Many of them have had no recourse to public funds after losing part-time or cash-in-hand jobs.
UNISON activist Charan Sekhon says this has led to some international students “actually starving” in Britain and unable to leave because of travel restrictions.
As well as being chair of UNISON’s Environment Agency East Anglia branch, he’s chairman of Social Education Voluntary Association (SEVA) Trust UK, a Bedford-based Anglo-Indian charity focusing on educational projects.
The charity decided to switch its attention to stopping people going hungry and has now handed out more than 500 food parcels and 200 hot meals around Bedford, Luton, Cranfield and Milton Keynes.
It’s also donated thousands of pounds worth of food to other charities helping communities in need and international students.
As soon as the lockdown started, the Trust began providing food to elderly and vulnerable people in Bedford and overseas students, mainly from local universities.
“Black communities are the hardest hit by Covid-19, as the high death rates show,” he said. “Many are in isolation looking for support and help.
“We’re also aware that a number of elderly migrants struggle to communicate in English, making it harder for them to make informed decisions about their health and wellbeing.
“We decided to help these hard-to-reach communities and international students who are often not able to get access to needed help.
“Many of these students have been doing cash-in-hand or hourly-paid jobs, which they have lost. They can’t get home to their families, and they feel alone and don’t know how to access help like food banks. As the demand grew bigger, we opened two new free food hubs in Luton and Milton Keynes,”
As the lockdown continued, SEVA decided to open the service up to UNISON members as well.
“The UNISON Environment Agency East Anglia branch supported SEVA Trust UK International projects to help education for low-income students,” says Charan.
“Our committee decided to extend our Covid-19 free food service to all UNISON members and their families who are key workers and helping to keep our services going.

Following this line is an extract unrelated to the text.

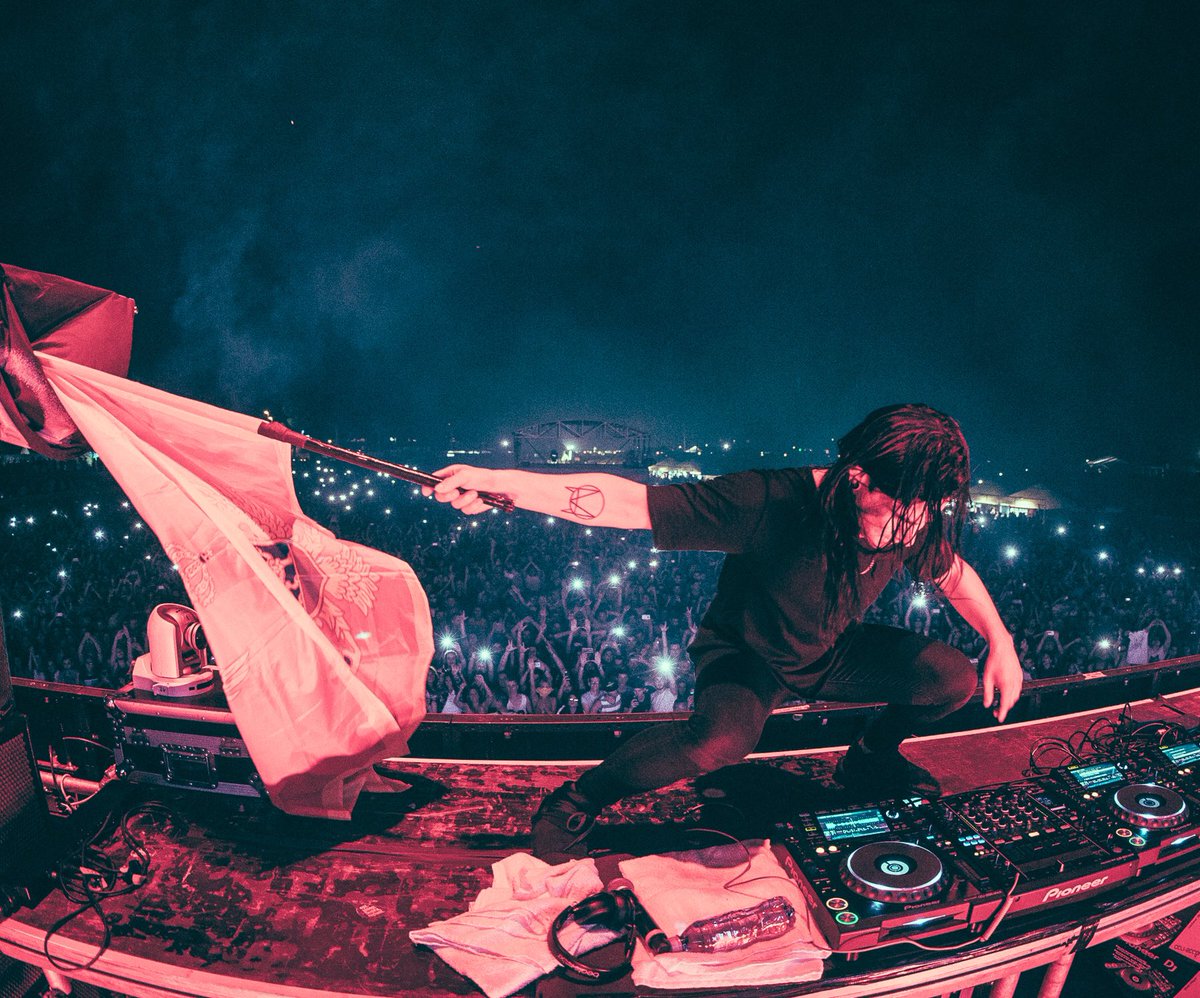 Skrillex's tweet photo. Last day of this Europe tour.. Just landed to Romania ...🙏🏻💯💯 https://t.co/51Y1Qq8FLn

“We feel this a small way of thanking them to their service to local communities and our great nation.”
“We are a small charity run by all unpaid volunteers but we are overwhelmed by the community support helping us to keep our Covid-19 project going.
“Recently we’ve supported 15 UNISON key-worker families and 55 low-income families identified with the help of a local school. We are determined to keep our free services open until things return to normality.”
Main picture shows Charan Sekhon and SEVA Trust’s Bedford food hub co-ordinator Jatinder Singh. Other pictures show UNISON volunteers helping deliver food.